**REQUIREMENT**: The required output is the exact sequence of lines from the line holding "I’m i begging??" to the end of the records, inclusive.

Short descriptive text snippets

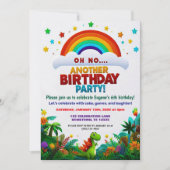 Oh No! Another Dinosaur Themed Birthday Party  招待状 (正面)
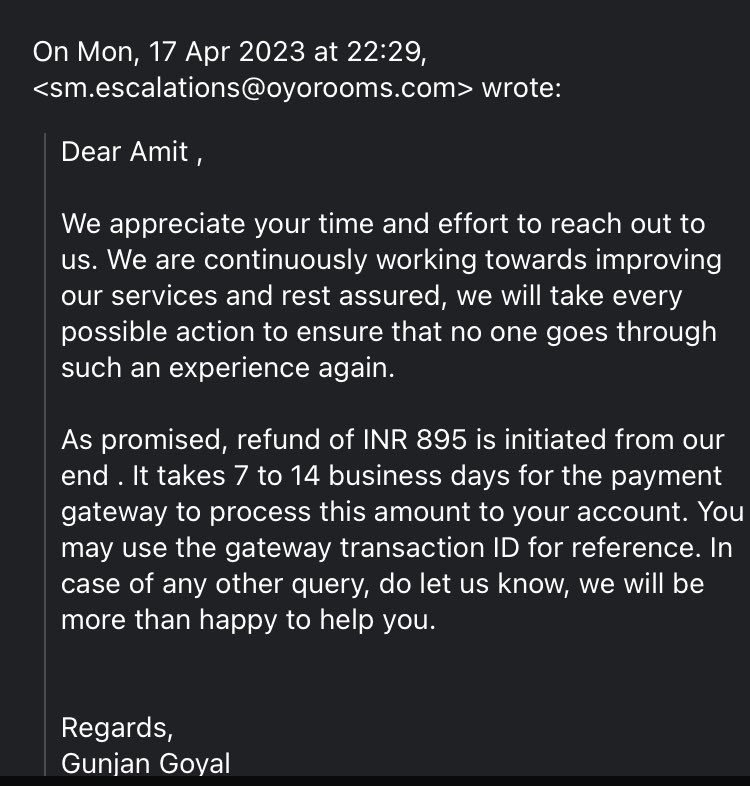 iamitsingh_d's tweet photo. @OYO4U What is this,
Hello OYO Rooms
I’m i begging??
Refund my full amount infact you guys must have to compensate for the same. https://t.co/8aduarIqx2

**ANSWER SECTION**:
I’m i begging??
Refund my full amount infact you guys must have to compensate for the same. https://t.co/8aduarIqx2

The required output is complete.